Was können Sie bisher über die Unfallstatistik von E-Autos sagen?
Spannend war es für uns natürlich zu sehen, wie sich das Schadengeschehen in der Praxis entwickelt und ob wir Besonderheiten erkennen können. Generell zeigen unsere Untersuchungen, dass Elektrofahrzeuge ein ähnliches Schadengeschehen wie konventionell betriebene Autos aufweisen. Bei den typischen Unfallschweren sind Komponenten der Hochvoltanlage meist nicht direkt betroffen. In unseren Unfallanalysen fiel aber auf, dass Elektrofahrzeuge weniger häufig in Unfälle verwickelt sind – und zwar um 25 Prozent! Positiv zu vermerken ist die Beobachtung, dass die Elektrofahrzeuge bisher unauffällig sind, was die Häufigkeit von Fahrzeugbränden betrifft.
Wie hoch sind die durchschnittlichen Kosten bei Schäden an E-Autos?
Die Schäden sind bei Elektrofahrzeugen etwa ein Viertel teurer als bei Autos mit Verbrennungsmotoren. In einer detaillierten Analyse zeigen sich folgende wesentliche Gründe für erhöhte Schadenkosten: zum einen gibt es noch Optimierungspotential beim Crashverhalten mit Blick auf das Deformationsverhalten und die Reparaturfreundlichkeit. Zum anderen ist es derzeit noch aufwendiger, Elektrofahrzeuge zu reparieren, weil nicht jede Werkstatt dafür optimal ausgerüstet ist. So sind spezielle Schulungen ebenso notwendig wie die entsprechende Werkstattausrüstung.
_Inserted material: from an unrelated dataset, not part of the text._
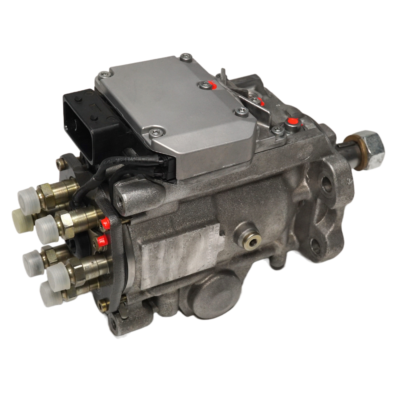 Power Driven Diesel - VP44 Fuel Injection Pump for 98-02 Cummins – Bundle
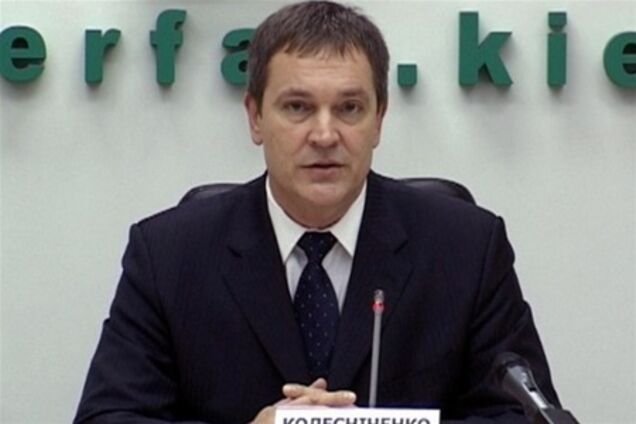 Предложение переименовать города является очередным пиаром оппозиционеров - Колесниченко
Ein kurzer Blick in die Zukunft: Wie wird sich Ihrer Meinung nach die Unfallstatistik von E-Autos bei größeren Reichweiten entwickeln?
Mit Blick auf die zunehmende Reichweite der Elektrofahrzeuge und die damit einhergehende flexiblere Nutzung erwarten wir künftig eine Angleichung der Unfallhäufigkeit an Fahrzeuge mit konventionellem Antrieb. Um erhöhte Versicherungskosten zu vermeiden, muss in der Entwicklung neuer Elektromodelle deshalb besonderes Augenmerk auf Crashoptimierung und Reparaturfreundlichkeit gelegt werden.
Gibt es einen klassischen E-Auto-Fahrer? Wie alt sind Ihre Versicherten?
Aus den Fällen, die wir untersucht haben, ergab sich, dass die Elektroautofahrer meist zwischen 45 und 64 Jahren alt waren und zu etwa dreiviertel männlich. Gleichzeitig waren in der Gruppe nur wenige Senioren (älter als 65 Jahre). Generell dominieren Firmenfahrzeuge das Segment. Ich glaube aber, dass wir angesichts der aktuell noch geringen Zulassungszahlen noch nicht von einem klassischen E-Auto-Fahrer reden können. Auch hier erwarten wir, dass ein größeres Angebot, eine flexiblere Nutzung und günstigere Fahrzeugpreise zu einer breiteren Nutzerschicht führen.